5) Top it off by being rude and passive-aggressive. When the situation escalates and your incandescent (preferably starving) customer ask to speak to senior management, ensure that the employee in this position is as rude and indifferent as possible. If they offer a reasonable solution (i.e. they will go for breakfast elsewhere as long as you let them go) make sure you drain last drop of patience they may have had by insisting that if they leave they will be charged $120.00. As a last resort, when your victim has truly transformed into a green goblin of fury and gives you a final chance to choose between $120.00 or a public trolling campaign against their actions, ensure that you respond with the most passive-agressive tone you can muster with a comment such as "please go right ahead ma'am".

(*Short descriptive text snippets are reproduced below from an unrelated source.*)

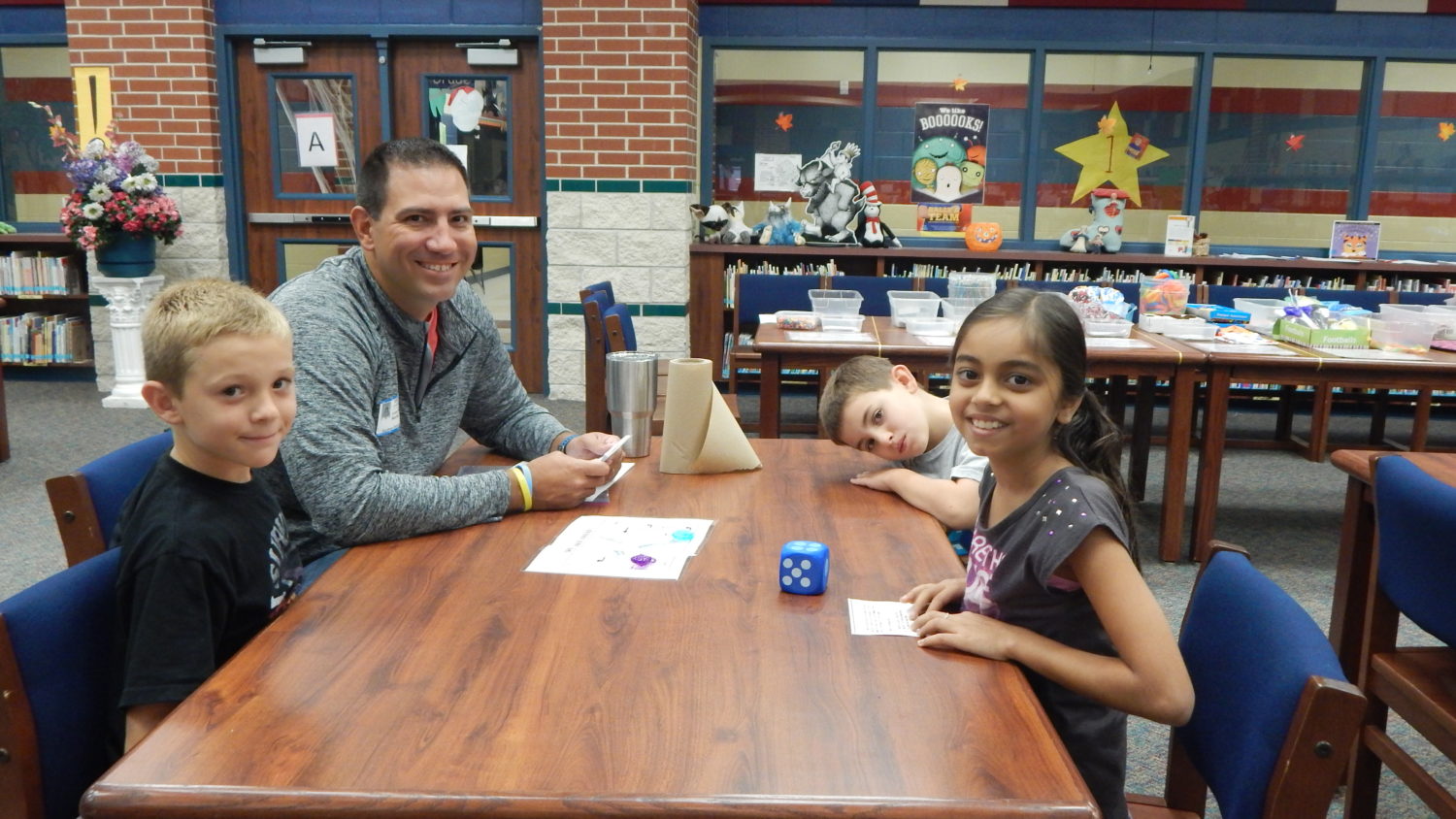 Kaufman students enjoy a fun learning activity with a Watch D.O.G. Dad.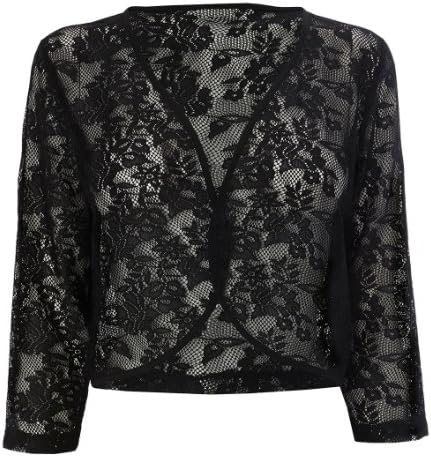 WOMENS BLACK 3/4 SLEEVE LACE SHRUG CARDIGAN BOLERO TOP PLUS SIZES 16 18 20 22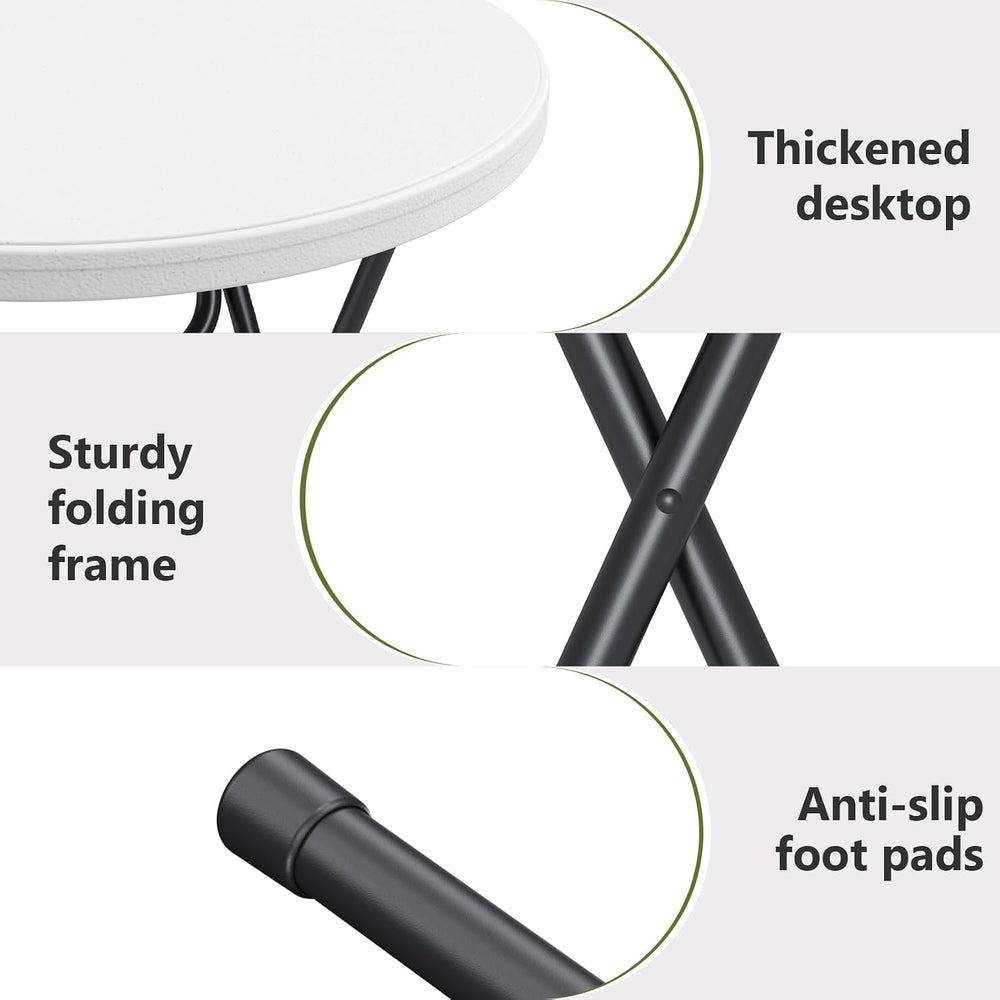 2 Pack Folding Table, 32 Inch Foldable Round Bar Table High Top Table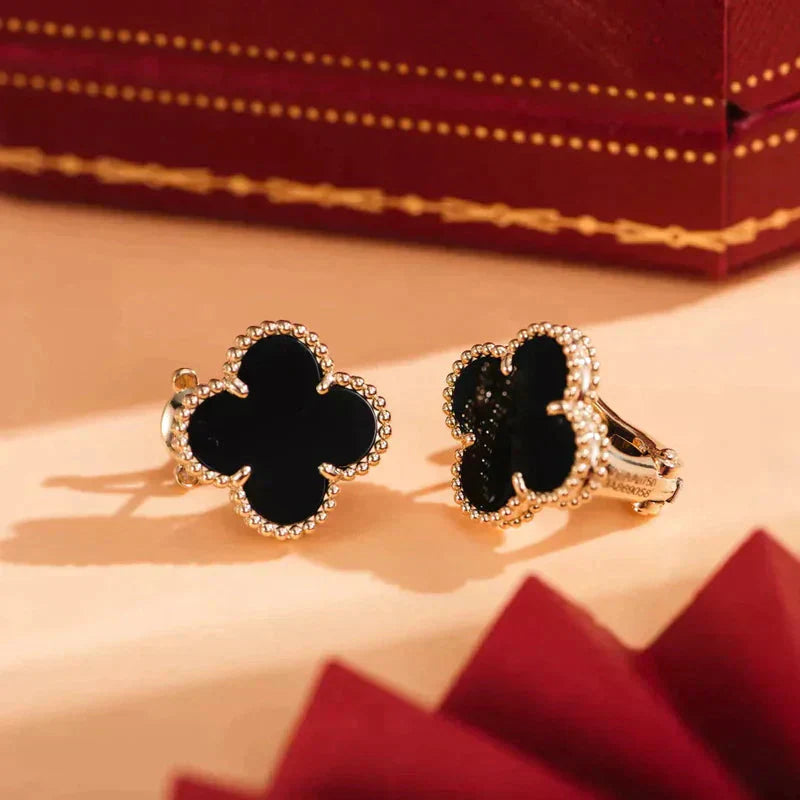 [Psychic Jewelrys]CLOVER MEDIUM 1 MOTIFS  ONYX STUD EARRINGS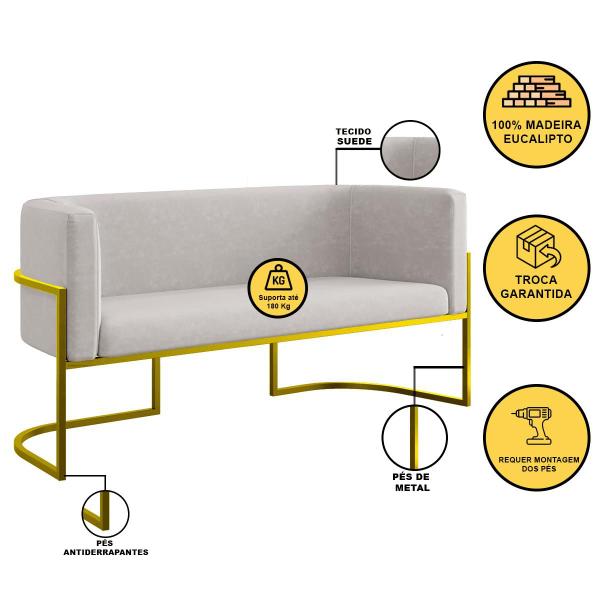 Imagem de Kit 2 Cadeiras Poltronas + Sofá 2 Lugares Base de Metal Dourado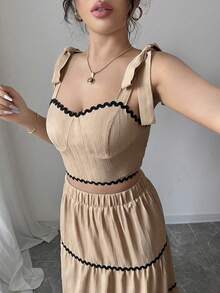 SHEIN Raffinéa 女士优雅无袖上衣和迷你裙套装 - 卡其色 - 查看 4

Congratulations! You have now created a troll!
Despite the level of negative publicity that this will cause you, there are still ways that the situation can be recovered. As I mentioned in the introduction of this article, any Type 3 Troll can be calmed and the damage contained in 3 simple steps:
1) Offer a public apology from higher management stating that the company will deal with unethical practices
2) Request a personal written apology from the manager that have caused the grief to be sent to the customer
3) Offer compensation and a generous gift to appease your customer's anger
We hope that our misfortunes have helped to ensure that you never create an Internet Troll, and that if you happen to have the misfortune to do so by error, there are ways in which you can contain the situation and make amends.
We also encourage anyone who has fallen victim of any sales or marketing scams, poor trading standards and embarrassing customer services to voice your opinion. Your opinion as a consumer matters and it is only by voicing your experience loudly and publicly that the marketplace as a whole can become safer and more ethical for everyone.
To end on a positive note, it is great to see that some people do a wonderful job when dealing with clients - even when they have done nothing wrong. One of our favourite examples of great customer services is the Hilton Giraffe story, which should be a story which we hope in the future will set the example rather than the exemption.